Isaïe : « Les nations se tourneront vers lui. »

Homélie du moine Jacques-Marie Guilmard de l’Abbaye Saint Pierre de Solesmes

15 janvier 2023. 2e PA. A (Saint-Pierre)

Mais, le Serviteur de Dieu manifeste la gloire divine : En toi, je me glorifierai, c’est-à-dire à travers toi, ma grandeur divine sera manifestée aux nations. Car « c’est trop peu que tu sois pour moi un serviteur pour relever les tribus de Jacob, et ramener les rescapés d’Israël. » La prophétie voit loin : elle ne s’enferme pas sur Jacob ni sur Israël. La vision est déjà universaliste ; elle provient de la puissance divine. Néanmoins relever les tribus de Jacob et ramener les rescapés d’Israël est un préalable à la manifestation aux nations.

En quelques mots sont évoqués la double mission d’Isaïe : d’abord ramener à Dieu les tribus de Jacob. Ensuite : « Je fais de toi la lumière des nations, lumen ad revelationem gentium. » : c’est l’universalité du salut. « Les nations se tourneront vers lui. »

Sur le Serviteur annoncé, reposera l’esprit du Seigneur : esprit de sagesse et d’intelligence, de conseil et de force, de science et de crainte de Dieu » (Is 11, 2) ; ce qui deviendra dans l’évangile, la permanence de l’Esprit Saint sur le Seigneur Jésus.

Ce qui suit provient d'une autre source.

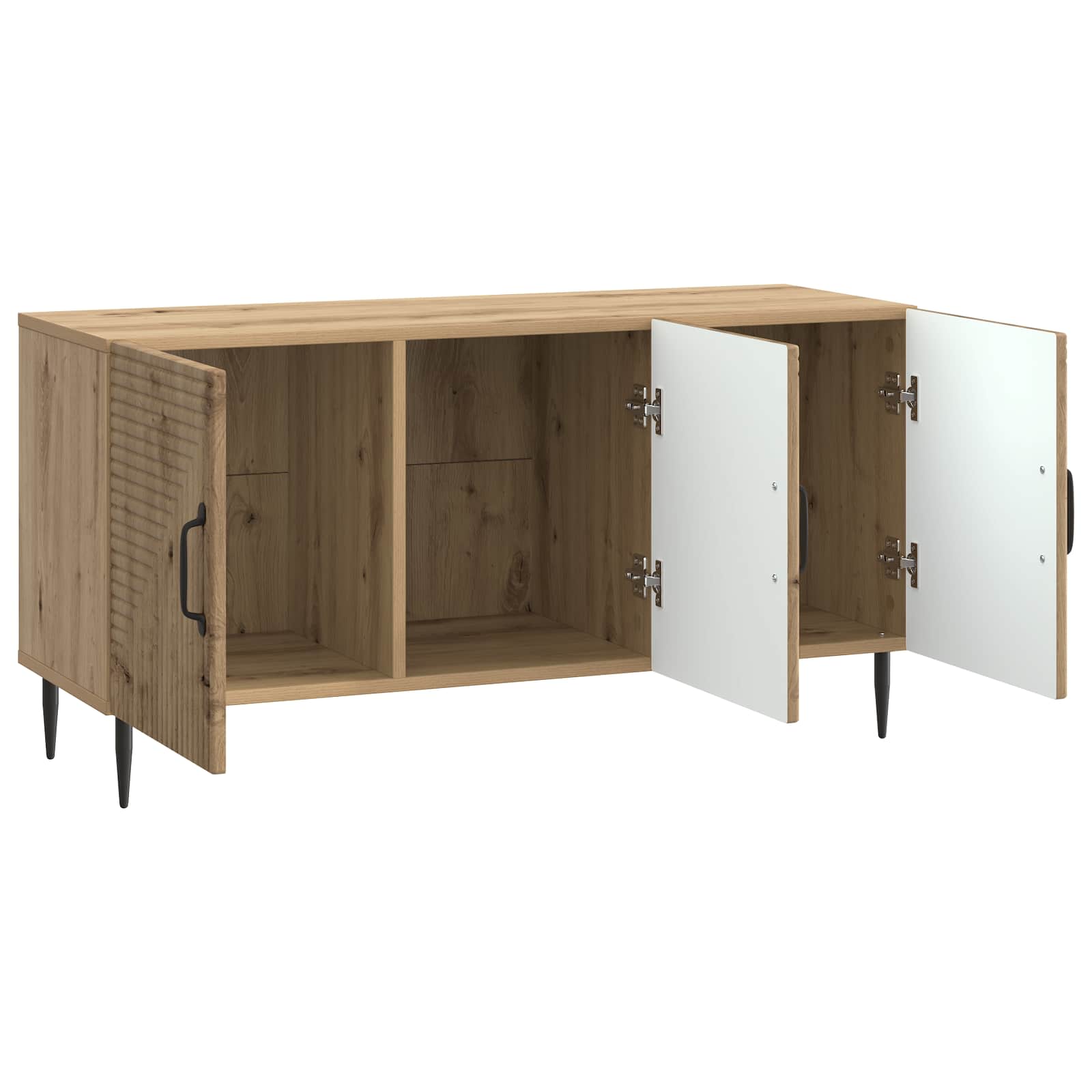 Mobile TV Rovere Artigianale 99 x 34,5 x 50 cm | homemem39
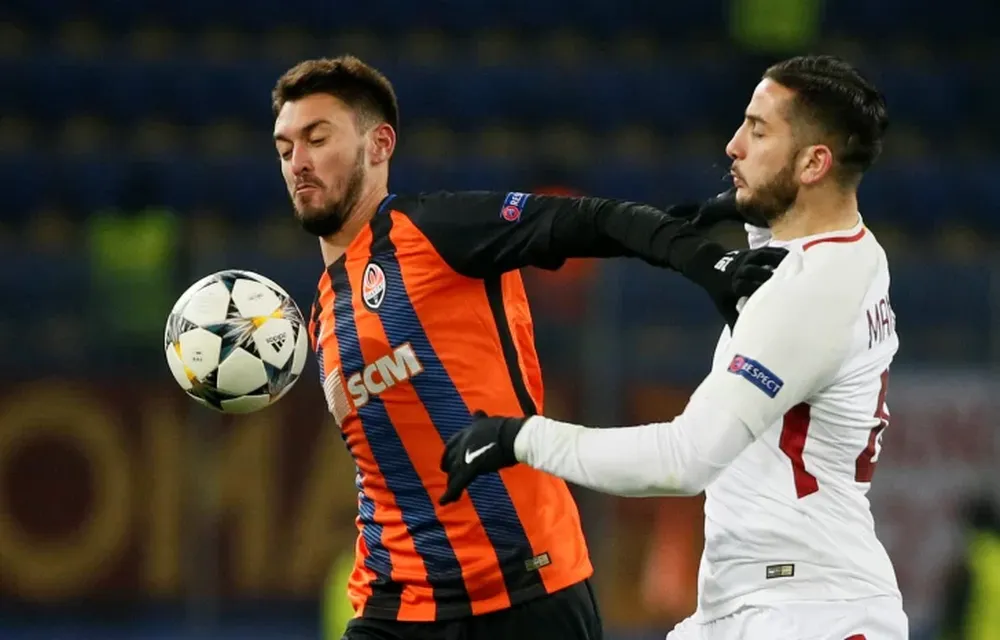 Shakhtar Donetsk venció a Roma con un gol de Chuky Ferreyra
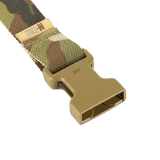 M-Tac Kompressionsrem Gen.II utility-bælte med camouflage, fastex-spænde og holdbart nylon til udstyrsfastgørelse og turbrug.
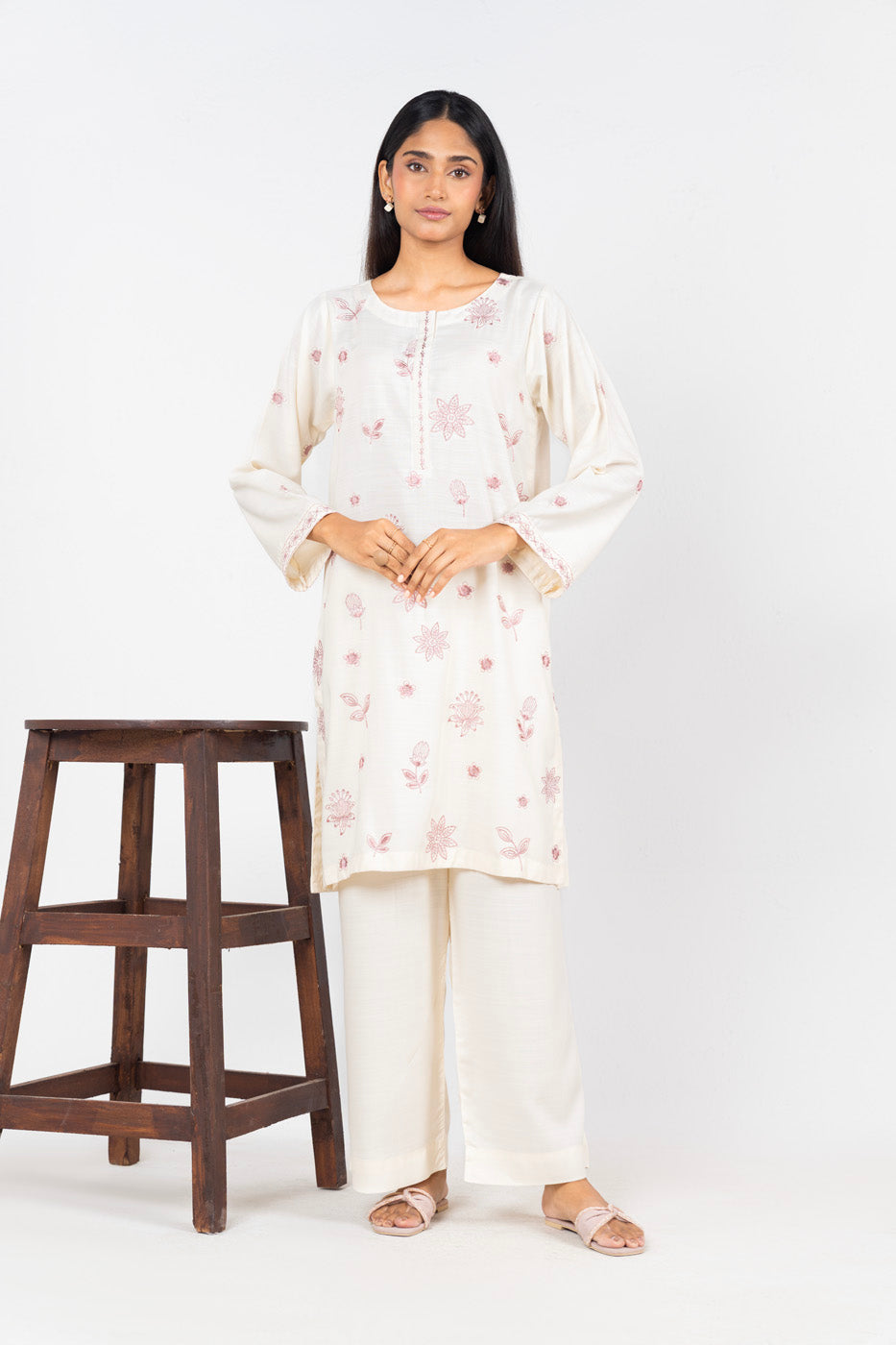 RTW | SHIRT, CULOTTE & DUPATTA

Pourtant il y a une différence majeure. Pour Isaïe (11, 4), « le Serviteur jugera les faibles avec justice, il rendra des arrêts équitables en faveur des humbles du pays ; du souffle de ses lèvres, il fera mourir le méchant. » L’Évangile va beaucoup plus loin : l’Agneau de Dieu enlève le péché du monde.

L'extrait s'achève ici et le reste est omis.